> YOUR TASK:
Your answer must be an exact copy of the records below, with no pictures in it.

> DATA:
»»

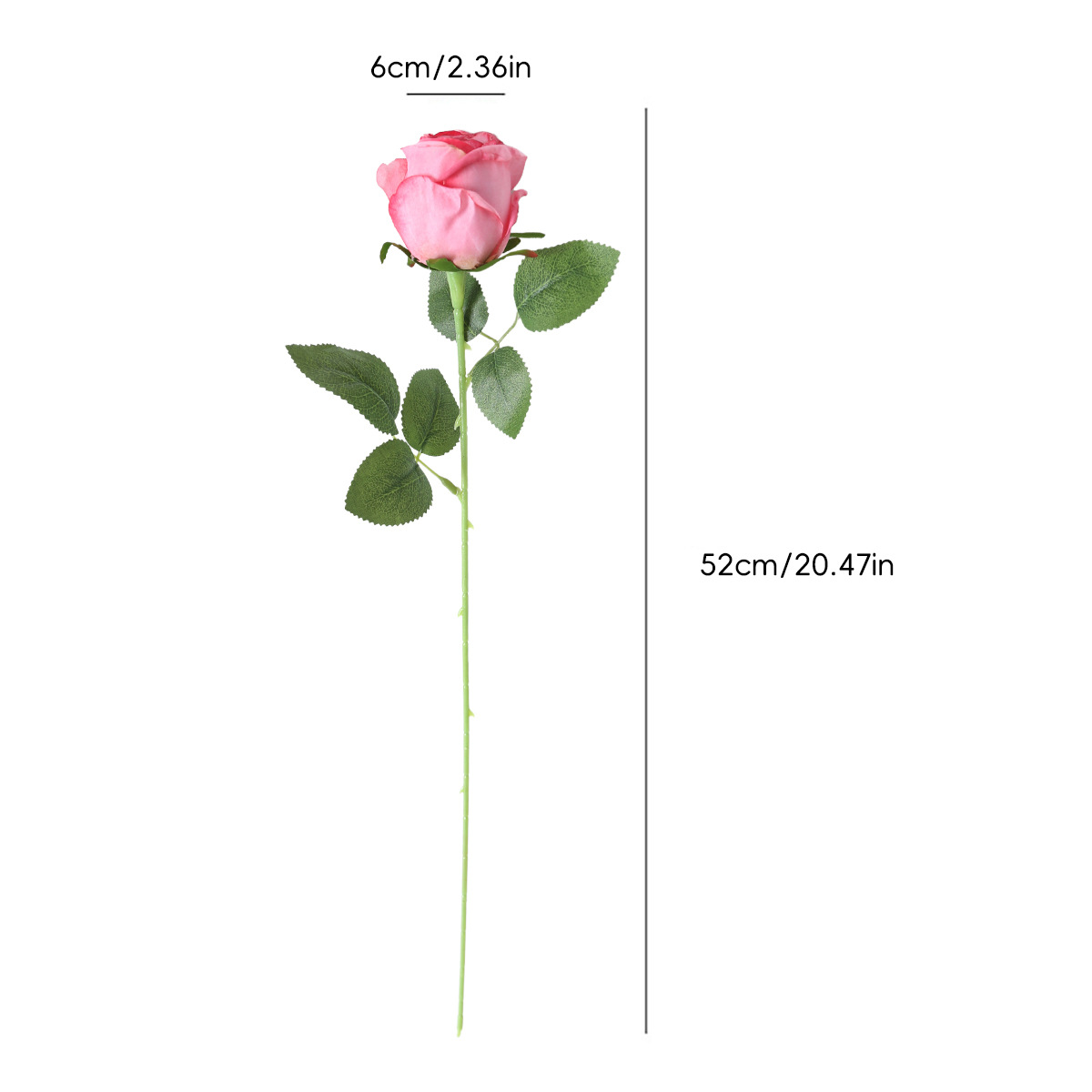 Simulación retro Rosas redondas al horno de una sola rama Accesorios de fotografía Boda Muebles para el hogar Decoración floral Simulación Rosas de borde quemado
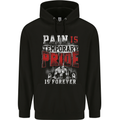 Pain Gym Training Top Bodybuilding Fitness Mens Hoodie Black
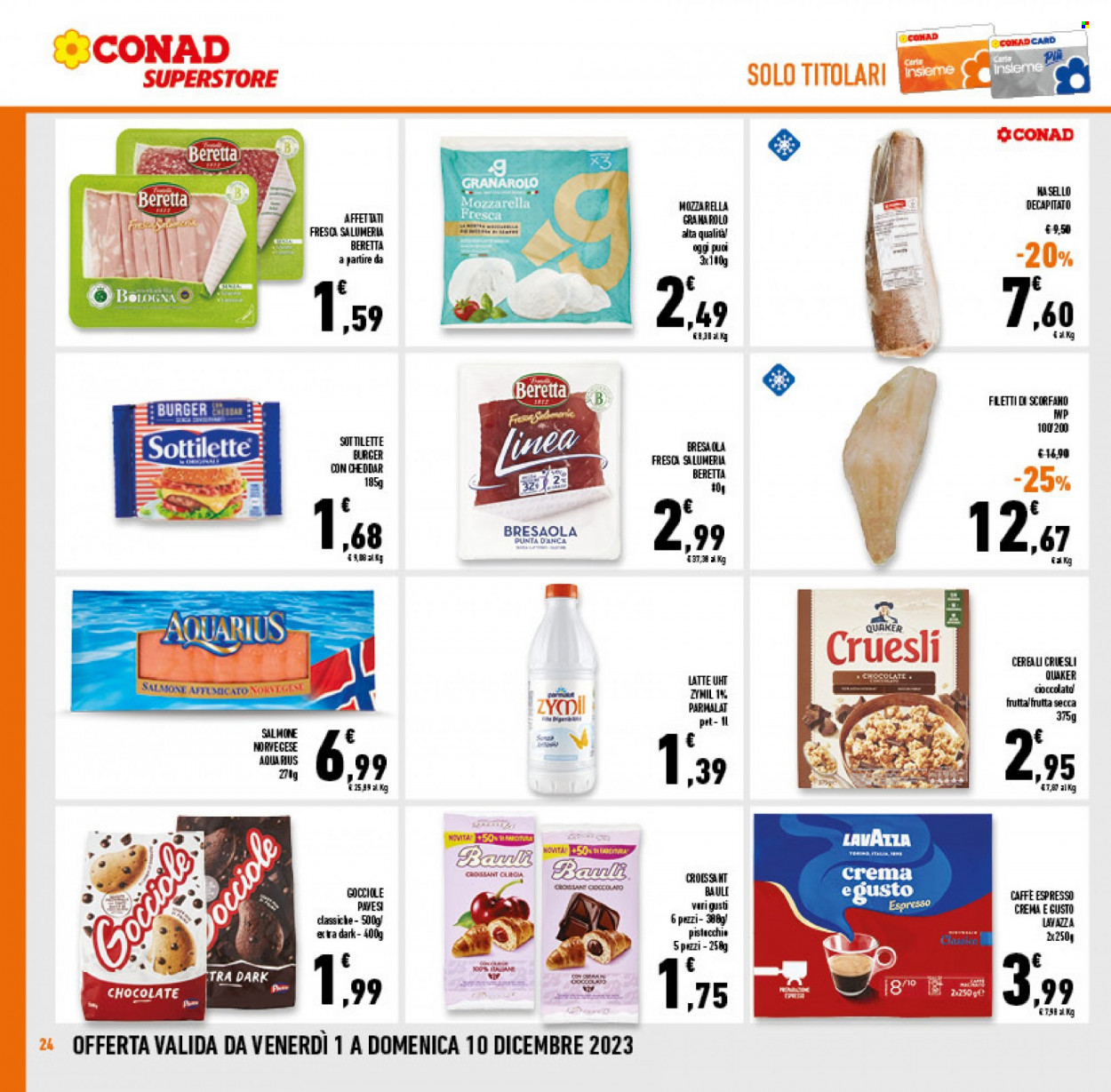 Volantino Conad Superstore - 1/12/2023 - 10/12/2023. Pagina 24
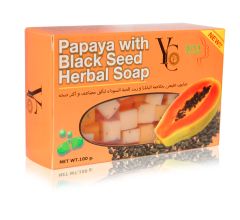 YC Papaya W Black Seed Herbal Soap 100g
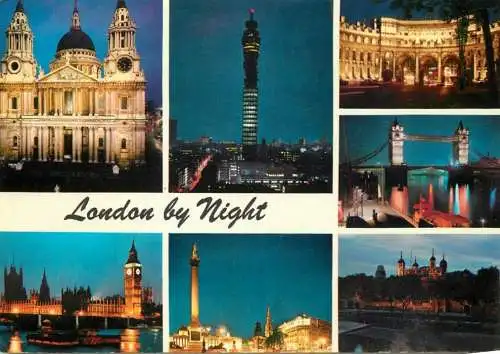 England London by night multi view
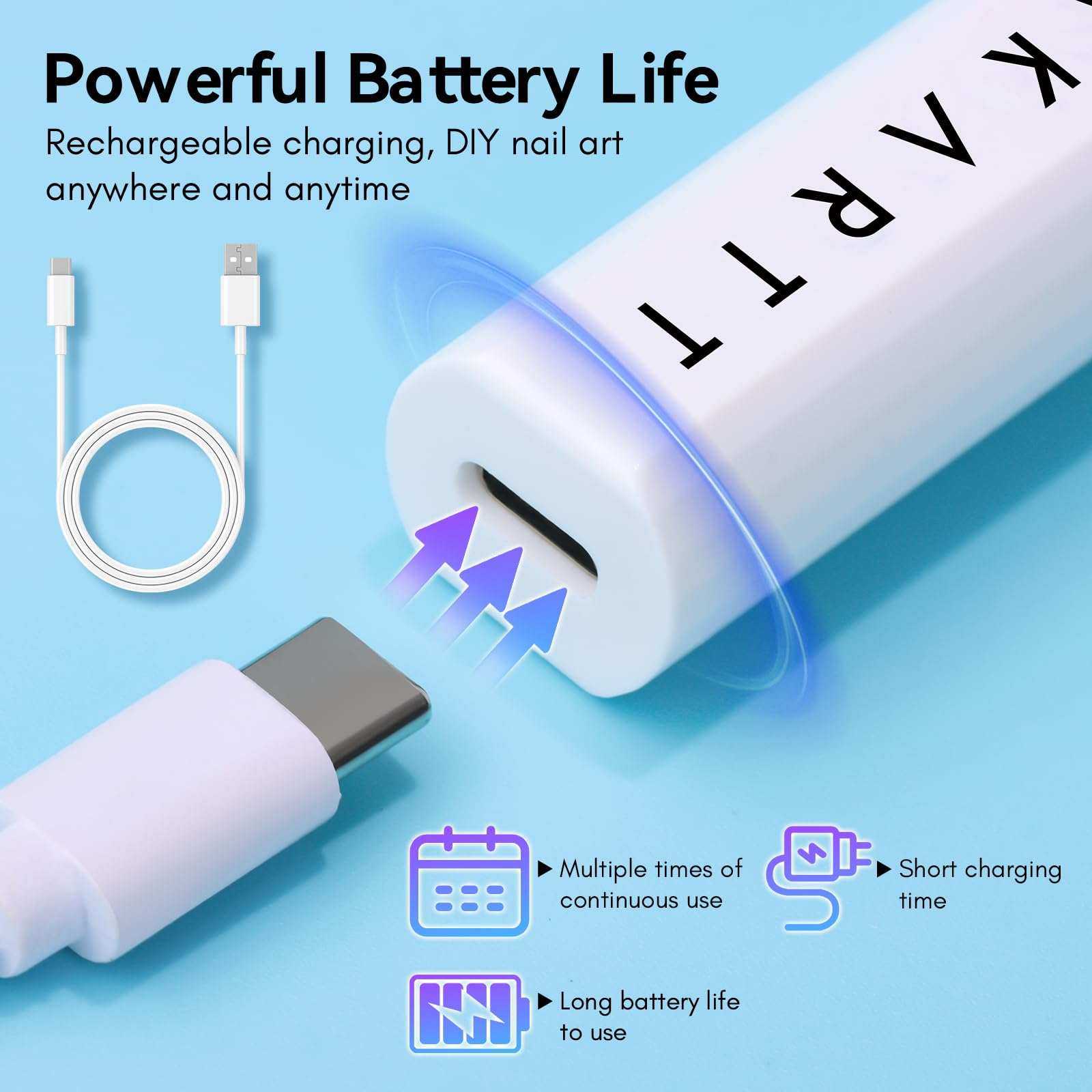 makartt-lampe-uv-led-de-curation-mini-portable-lampe-ongles-de-poche-sans-fil-po image 6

««

> RESPONSE TO THE TASK:
 Simulación retro Rosas redondas al horno de una sola rama Accesorios de fotografía Boda Muebles para el hogar Decoración floral Simulación Rosas de borde quemado
 Pain Gym Training Top Bodybuilding Fitness Mens Hoodie Black
 Volantino Conad Superstore - 1/12/2023 - 10/12/2023. Pagina 24
 YC Papaya W Black Seed Herbal Soap 100g
 England London by night multi view
 makartt-lampe-uv-led-de-curation-mini-portable-lampe-ongles-de-poche-sans-fil-po image 6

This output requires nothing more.